## Information supplied
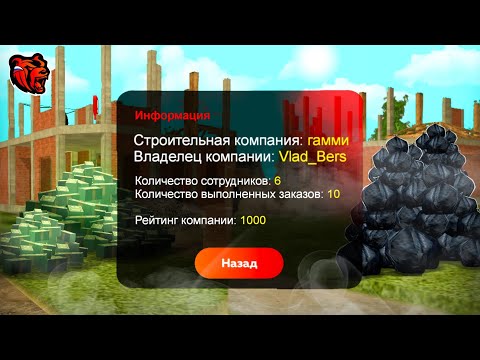 Видео: СЛОВИЛ и ПРОКАЧАЛ СТРОИТЕЛЬНУЮ КОМПАНИЮ на НОВОМ СЕРВЕРЕ БЛЕК РАША // BLACK RUSSIA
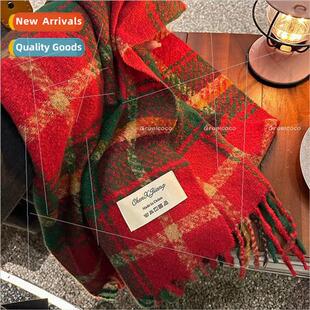 Christmas es Spring Festival atmosphere New Year plaid tasse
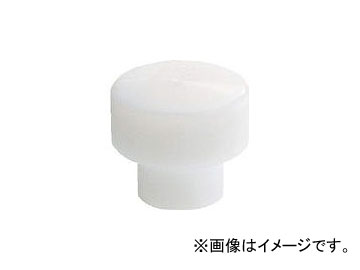 å/OH ƥ쥹եȥϥޡƬ 11/2 SUF15H(3271196) JAN4963360116810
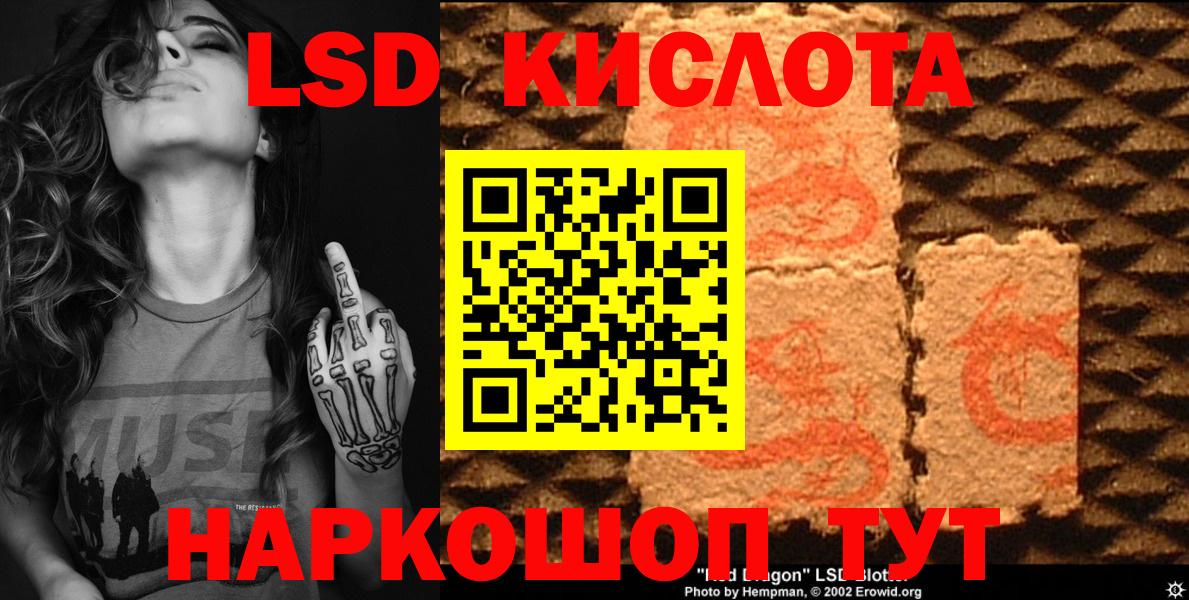 Марки NBOMe  Наркотические марки 1,5мг  Наркотические марки 1,5мг  Вход с VPN  Усть-Кут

## What is required
Reproduce the listing word for word. Do not carry over the pictures.

## Reply
 Видео: СЛОВИЛ и ПРОКАЧАЛ СТРОИТЕЛЬНУЮ КОМПАНИЮ на НОВОМ СЕРВЕРЕ БЛЕК РАША // BLACK RUSSIA
 Christmas es Spring Festival atmosphere New Year plaid tasse
 å/OH ƥ쥹եȥϥޡƬ 11/2 SUF15H(3271196) JAN4963360116810
 Марки NBOMe  Наркотические марки 1,5мг  Наркотические марки 1,5мг  Вход с VPN  Усть-Кут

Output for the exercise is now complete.